My colleague, Gerald Caiden, and I debated this story the other day:
Gerald is English and a great believer in public transit, and he maintains these folks are just “NIMBYS”–practitioners of the famous Not In My Backyard opposition to projects. It’s interesting how the Construction Authority’s (aka MTA) statement attempts to draw on the anger that people feel towards NIMBYists: the agency is
“extremely disappointed that a small faction of the community seeks to delay the extension of a project that has the overwhelming support of the communities on the Westside.”
In truth, it’s very hard to tell who opposes what and how we should rank those preferences. If opposition is limited only those whose house is right by it and that is, of course, a small number, is it really true that those folks have a less legitimate claim just because the rest of us who live farther away like the project? Is that how democratic agencies act toward multiple publics?
And yet project hold-outs are almost always a problem. When is a hold-out a victim or vice versa?
There are plenty of reasons to treat NIMBYism with more respect than it commonly gets. D.J. Lober’s work had a great deal of influence on me: he argued that planners used NIMBYism to downplay community interests in favor of propping up the interests of the state and capital interests.
Lois Takahashi and Micheal Dear also influenced me. NIMBYism is a complicated question; sometimes, it’s legitimate for community members to demand better project design. At others, communities are engaging merely in exclusionary behavior–such as trying to keep out homeless people or AIDS hospices.

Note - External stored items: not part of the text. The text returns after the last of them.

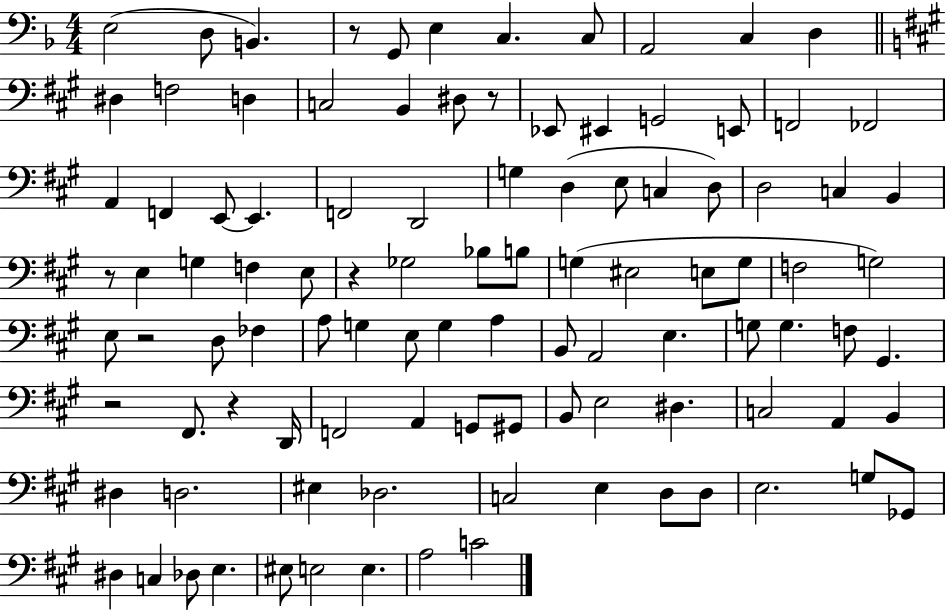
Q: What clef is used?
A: bass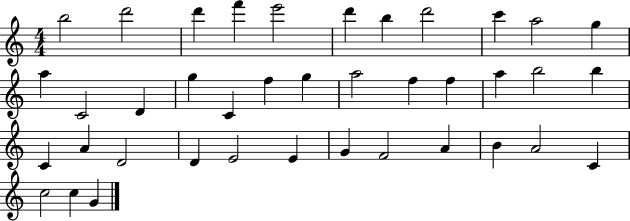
X:1
T:Untitled
M:4/4
L:1/4
K:C
b2 d'2 d' f' e'2 d' b d'2 c' a2 g a C2 D g C f g a2 f f a b2 b C A D2 D E2 E G F2 A B A2 C c2 c G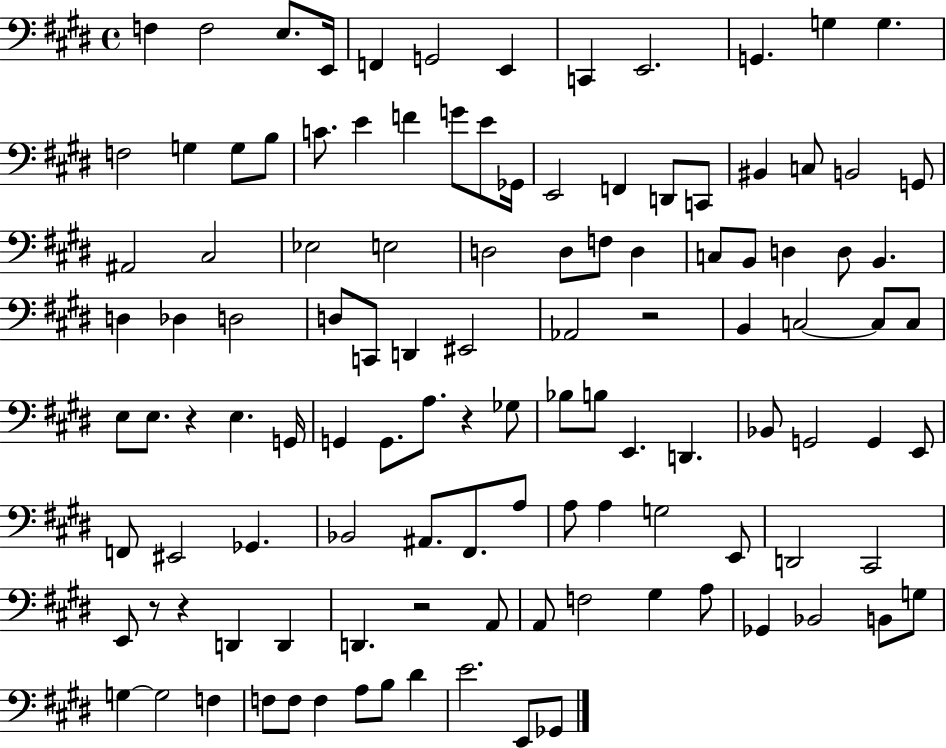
F3/q F3/h E3/e. E2/s F2/q G2/h E2/q C2/q E2/h. G2/q. G3/q G3/q. F3/h G3/q G3/e B3/e C4/e. E4/q F4/q G4/e E4/e Gb2/s E2/h F2/q D2/e C2/e BIS2/q C3/e B2/h G2/e A#2/h C#3/h Eb3/h E3/h D3/h D3/e F3/e D3/q C3/e B2/e D3/q D3/e B2/q. D3/q Db3/q D3/h D3/e C2/e D2/q EIS2/h Ab2/h R/h B2/q C3/h C3/e C3/e E3/e E3/e. R/q E3/q. G2/s G2/q G2/e. A3/e. R/q Gb3/e Bb3/e B3/e E2/q. D2/q. Bb2/e G2/h G2/q E2/e F2/e EIS2/h Gb2/q. Bb2/h A#2/e. F#2/e. A3/e A3/e A3/q G3/h E2/e D2/h C#2/h E2/e R/e R/q D2/q D2/q D2/q. R/h A2/e A2/e F3/h G#3/q A3/e Gb2/q Bb2/h B2/e G3/e G3/q G3/h F3/q F3/e F3/e F3/q A3/e B3/e D#4/q E4/h. E2/e Gb2/e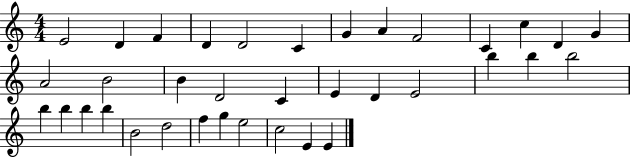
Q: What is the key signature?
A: C major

One of my PhD students, Sangmin Kim, and I write about these distinctions in a special issue of the International Review of Public Administration. We argue for three things:
a) when the opposition is toward neighborhood environmental change, community interests should be accommodated, even if the project promises regional benefits; perhaps you don’t kill off the project, but you do mitigate and mitigate and mitigate until the project works for everybody;
b) when the community or communities in question is a historically disadvantaged one, they should have additional civil rights protections that increase their compensation levels and control over project outcomes, and
c) when protest concerns keeping people out, then the opposition to projects ceases to be legitimate and becomes exclusionary–and should, therefore, not get their way during locational conflicts.
Sometimes, it’s hard because the project versus people distinction isn’t always easy. Many people oppose transit because they don’t want “those people” in “their neighborhood.” Eyugh.
So the Expo Line meets one of the three criteria; it’s about design problems, not killing the project. The right thing to do here is increase the project cost (though there is, of course, a huge political penalty to doing so) and accommodate the concerns.
I predict that these crossings will be below grade in the end. They should have done so when the same concerns were raised at Dorsey School; now it will look like a patent case of the rich getting what they want.
Lober, D. J. (1995). Why protest? Public behavioral and attitudinal response to siting a waste disposal facility. Policy Studies Journal, 23(3), 499-518.
Takahashi, Lois M. 1998.Homelessness, AIDS, and Stigmatization: The NIMBY Syndrome at the End of the Twentieth Century.Oxford, England: Oxford University Press.